Collected data entries:
● ● ● ●
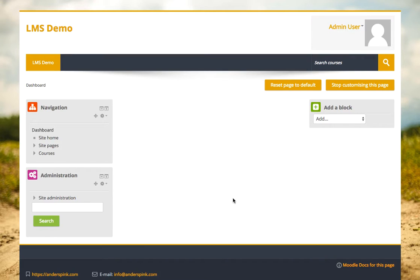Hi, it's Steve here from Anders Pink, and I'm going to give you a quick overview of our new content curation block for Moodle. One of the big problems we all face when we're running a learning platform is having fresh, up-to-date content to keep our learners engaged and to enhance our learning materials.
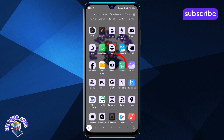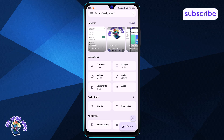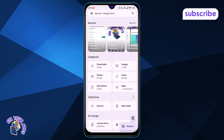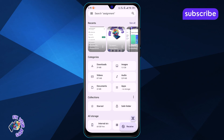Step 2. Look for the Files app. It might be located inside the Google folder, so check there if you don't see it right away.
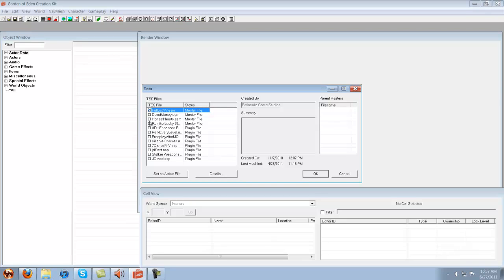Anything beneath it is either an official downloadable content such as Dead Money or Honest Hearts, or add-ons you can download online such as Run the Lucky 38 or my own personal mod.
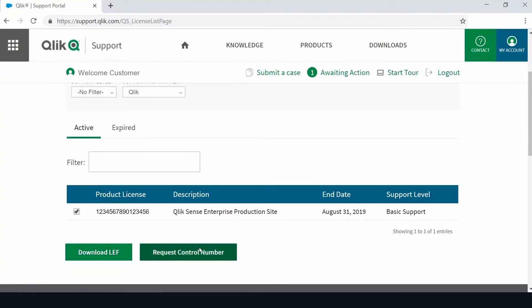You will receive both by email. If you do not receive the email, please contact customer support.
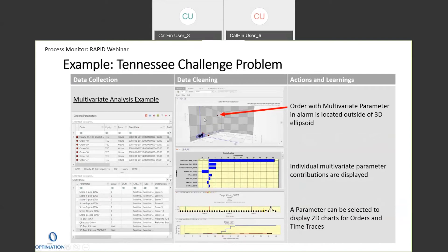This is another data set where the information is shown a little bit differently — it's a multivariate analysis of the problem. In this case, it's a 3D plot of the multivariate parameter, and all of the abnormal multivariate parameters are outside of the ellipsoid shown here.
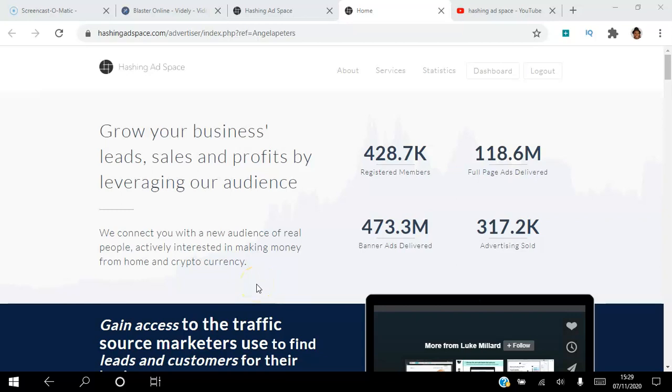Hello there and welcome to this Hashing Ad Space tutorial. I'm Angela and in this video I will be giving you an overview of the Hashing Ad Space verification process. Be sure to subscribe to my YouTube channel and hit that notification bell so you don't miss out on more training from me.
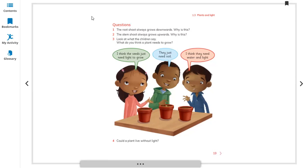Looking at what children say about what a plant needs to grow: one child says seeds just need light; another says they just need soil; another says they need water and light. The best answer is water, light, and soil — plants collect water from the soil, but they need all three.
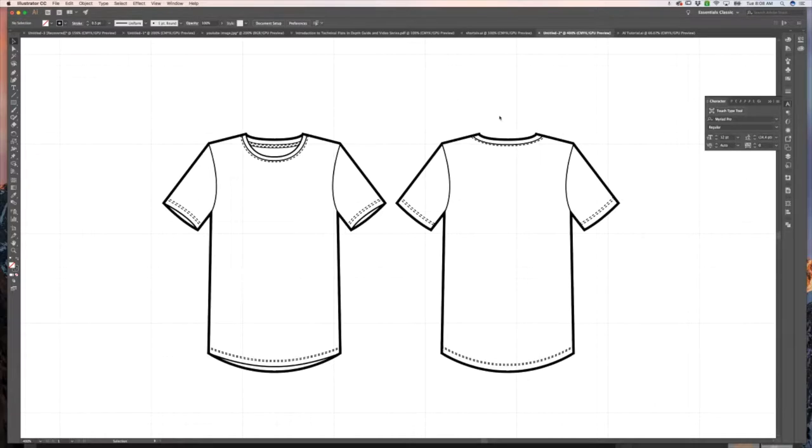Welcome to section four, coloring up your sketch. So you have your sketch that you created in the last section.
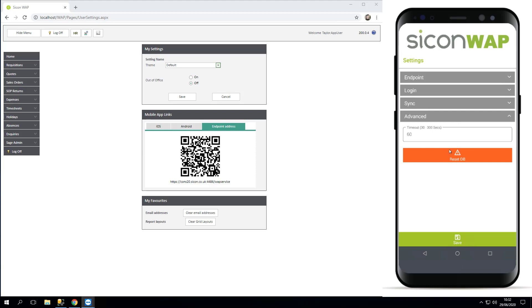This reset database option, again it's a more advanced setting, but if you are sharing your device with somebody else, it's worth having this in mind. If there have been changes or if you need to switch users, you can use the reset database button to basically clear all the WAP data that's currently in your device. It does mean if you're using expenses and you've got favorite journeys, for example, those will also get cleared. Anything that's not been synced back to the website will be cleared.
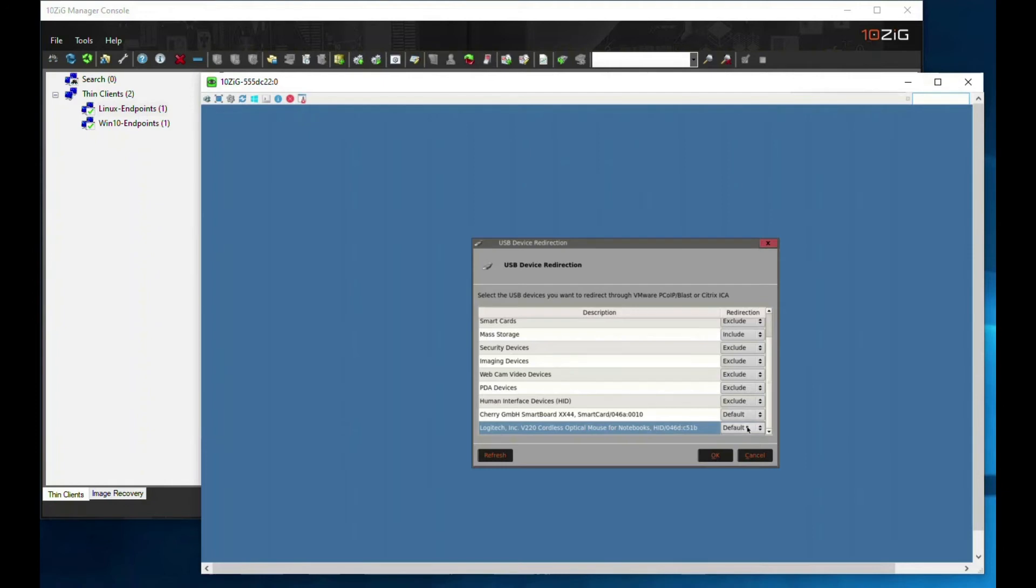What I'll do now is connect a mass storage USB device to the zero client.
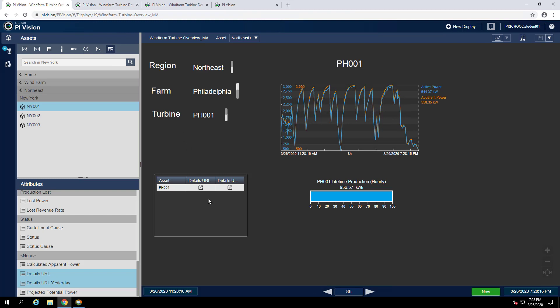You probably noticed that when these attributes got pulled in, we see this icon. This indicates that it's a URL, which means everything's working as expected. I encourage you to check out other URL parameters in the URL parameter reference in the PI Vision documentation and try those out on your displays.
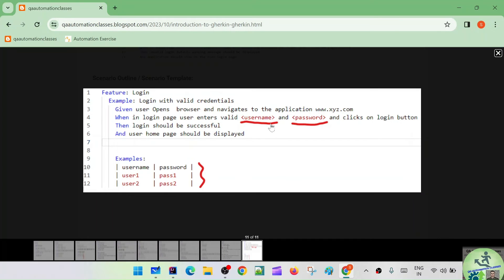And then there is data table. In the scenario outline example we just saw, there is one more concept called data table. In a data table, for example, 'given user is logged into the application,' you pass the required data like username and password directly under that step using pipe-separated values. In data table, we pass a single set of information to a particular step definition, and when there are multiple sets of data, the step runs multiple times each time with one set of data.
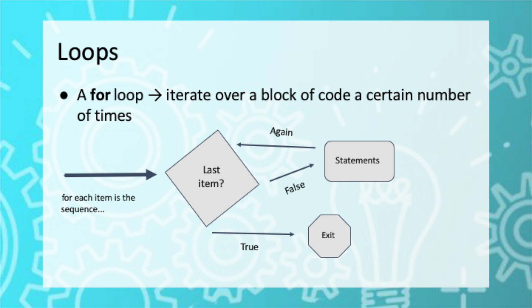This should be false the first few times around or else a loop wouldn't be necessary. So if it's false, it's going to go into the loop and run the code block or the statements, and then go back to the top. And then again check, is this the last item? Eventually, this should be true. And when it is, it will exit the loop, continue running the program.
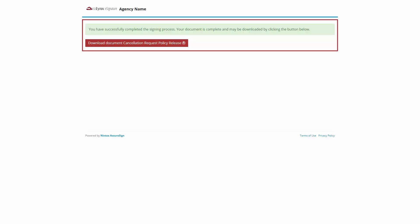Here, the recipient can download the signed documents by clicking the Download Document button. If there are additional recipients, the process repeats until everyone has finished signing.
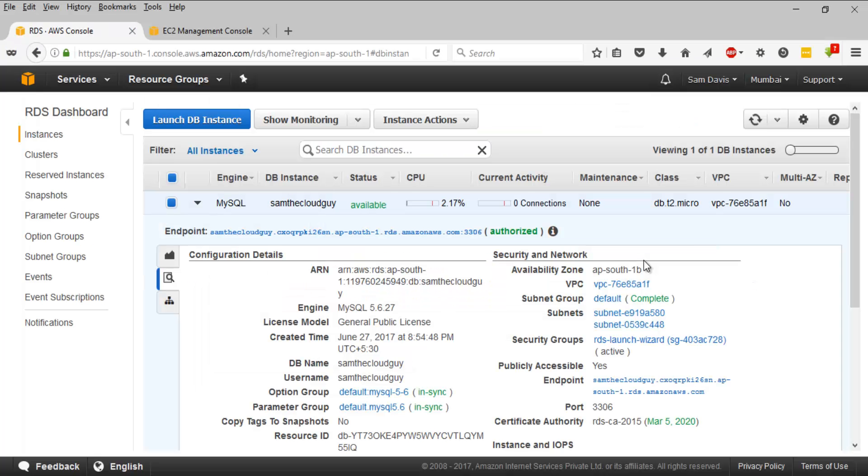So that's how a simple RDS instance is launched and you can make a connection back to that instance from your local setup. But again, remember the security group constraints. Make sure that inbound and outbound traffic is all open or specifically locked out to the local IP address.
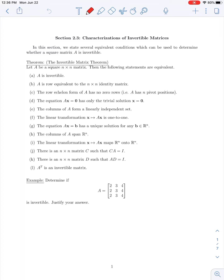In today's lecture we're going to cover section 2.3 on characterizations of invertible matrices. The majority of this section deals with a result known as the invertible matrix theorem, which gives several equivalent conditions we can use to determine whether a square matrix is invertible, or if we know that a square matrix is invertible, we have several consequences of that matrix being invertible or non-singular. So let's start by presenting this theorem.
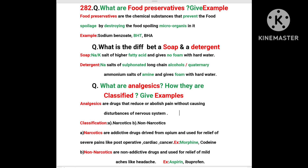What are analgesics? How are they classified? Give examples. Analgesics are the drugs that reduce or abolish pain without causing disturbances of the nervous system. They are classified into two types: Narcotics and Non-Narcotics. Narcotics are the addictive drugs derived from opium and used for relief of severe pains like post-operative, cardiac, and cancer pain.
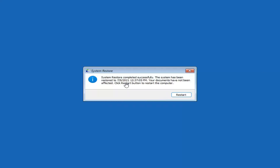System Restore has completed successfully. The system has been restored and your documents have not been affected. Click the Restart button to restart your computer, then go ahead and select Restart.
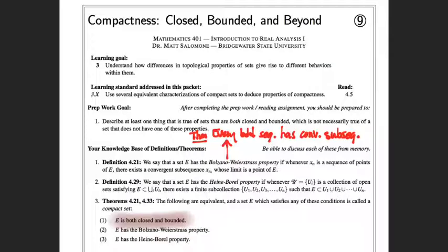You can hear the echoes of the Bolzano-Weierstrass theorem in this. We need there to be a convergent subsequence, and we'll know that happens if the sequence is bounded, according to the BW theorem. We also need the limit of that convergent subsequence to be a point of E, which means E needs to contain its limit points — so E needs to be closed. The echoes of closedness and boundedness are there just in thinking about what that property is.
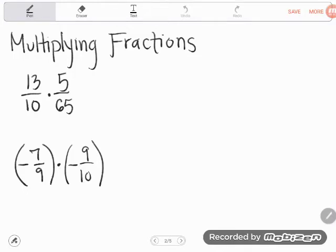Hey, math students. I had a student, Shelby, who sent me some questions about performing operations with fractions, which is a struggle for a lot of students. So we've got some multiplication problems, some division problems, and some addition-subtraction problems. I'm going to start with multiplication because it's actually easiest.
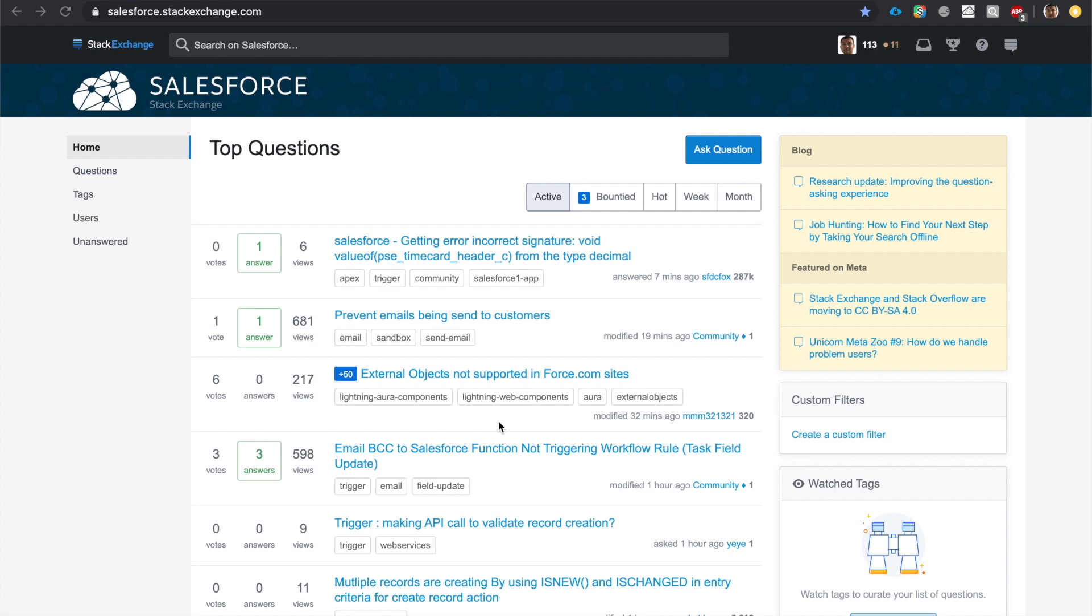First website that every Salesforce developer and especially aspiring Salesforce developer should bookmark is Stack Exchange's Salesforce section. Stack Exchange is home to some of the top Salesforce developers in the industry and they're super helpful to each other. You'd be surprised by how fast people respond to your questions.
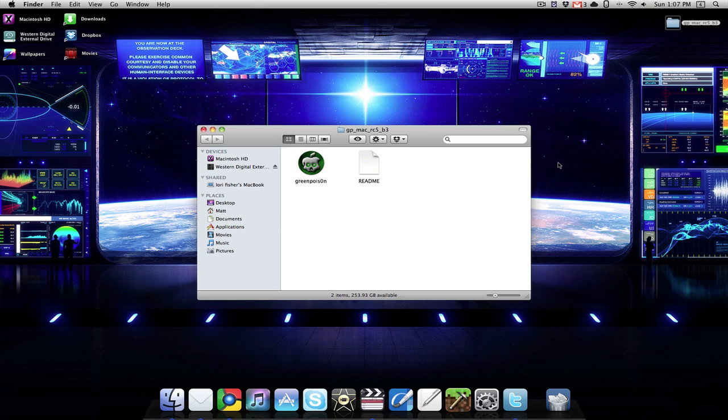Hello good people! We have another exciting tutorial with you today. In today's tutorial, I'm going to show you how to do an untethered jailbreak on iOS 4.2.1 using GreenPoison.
● ● ● ●
**EXERCISE:**
All records above must be output exactly as they stand, excluding pictures.

**EXPECTED ANSWER:**
Hi, it's Steve here from Anders Pink, and I'm going to give you a quick overview of our new content curation block for Moodle. One of the big problems we all face when we're running a learning platform is having fresh, up-to-date content to keep our learners engaged and to enhance our learning materials.
Step 2. Look for the Files app. It might be located inside the Google folder, so check there if you don't see it right away.
Anything beneath it is either an official downloadable content such as Dead Money or Honest Hearts, or add-ons you can download online such as Run the Lucky 38 or my own personal mod.
You will receive both by email. If you do not receive the email, please contact customer support.
This is another data set where the information is shown a little bit differently — it's a multivariate analysis of the problem. In this case, it's a 3D plot of the multivariate parameter, and all of the abnormal multivariate parameters are outside of the ellipsoid shown here.
Hello there and welcome to this Hashing Ad Space tutorial. I'm Angela and in this video I will be giving you an overview of the Hashing Ad Space verification process. Be sure to subscribe to my YouTube channel and hit that notification bell so you don't miss out on more training from me.
Looking at what children say about what a plant needs to grow: one child says seeds just need light; another says they just need soil; another says they need water and light. The best answer is water, light, and soil — plants collect water from the soil, but they need all three.
Welcome to section four, coloring up your sketch. So you have your sketch that you created in the last section.
This reset database option, again it's a more advanced setting, but if you are sharing your device with somebody else, it's worth having this in mind. If there have been changes or if you need to switch users, you can use the reset database button to basically clear all the WAP data that's currently in your device. It does mean if you're using expenses and you've got favorite journeys, for example, those will also get cleared. Anything that's not been synced back to the website will be cleared.
What I'll do now is connect a mass storage USB device to the zero client.
You probably noticed that when these attributes got pulled in, we see this icon. This indicates that it's a URL, which means everything's working as expected. I encourage you to check out other URL parameters in the URL parameter reference in the PI Vision documentation and try those out on your displays.
And then there is data table. In the scenario outline example we just saw, there is one more concept called data table. In a data table, for example, 'given user is logged into the application,' you pass the required data like username and password directly under that step using pipe-separated values. In data table, we pass a single set of information to a particular step definition, and when there are multiple sets of data, the step runs multiple times each time with one set of data.
This should be false the first few times around or else a loop wouldn't be necessary. So if it's false, it's going to go into the loop and run the code block or the statements, and then go back to the top. And then again check, is this the last item? Eventually, this should be true. And when it is, it will exit the loop, continue running the program.
Here, the recipient can download the signed documents by clicking the Download Document button. If there are additional recipients, the process repeats until everyone has finished signing.
So that's how a simple RDS instance is launched and you can make a connection back to that instance from your local setup. But again, remember the security group constraints. Make sure that inbound and outbound traffic is all open or specifically locked out to the local IP address.
In today's lecture we're going to cover section 2.3 on characterizations of invertible matrices. The majority of this section deals with a result known as the invertible matrix theorem, which gives several equivalent conditions we can use to determine whether a square matrix is invertible, or if we know that a square matrix is invertible, we have several consequences of that matrix being invertible or non-singular. So let's start by presenting this theorem.
What are analgesics? How are they classified? Give examples. Analgesics are the drugs that reduce or abolish pain without causing disturbances of the nervous system. They are classified into two types: Narcotics and Non-Narcotics. Narcotics are the addictive drugs derived from opium and used for relief of severe pains like post-operative, cardiac, and cancer pain.
System Restore has completed successfully. The system has been restored and your documents have not been affected. Click the Restart button to restart your computer, then go ahead and select Restart.
You can hear the echoes of the Bolzano-Weierstrass theorem in this. We need there to be a convergent subsequence, and we'll know that happens if the sequence is bounded, according to the BW theorem. We also need the limit of that convergent subsequence to be a point of E, which means E needs to contain its limit points — so E needs to be closed. The echoes of closedness and boundedness are there just in thinking about what that property is.
Hey, math students. I had a student, Shelby, who sent me some questions about performing operations with fractions, which is a struggle for a lot of students. So we've got some multiplication problems, some division problems, and some addition-subtraction problems. I'm going to start with multiplication because it's actually easiest.
First website that every Salesforce developer and especially aspiring Salesforce developer should bookmark is Stack Exchange's Salesforce section. Stack Exchange is home to some of the top Salesforce developers in the industry and they're super helpful to each other. You'd be surprised by how fast people respond to your questions.
Hello good people! We have another exciting tutorial with you today. In today's tutorial, I'm going to show you how to do an untethered jailbreak on iOS 4.2.1 using GreenPoison.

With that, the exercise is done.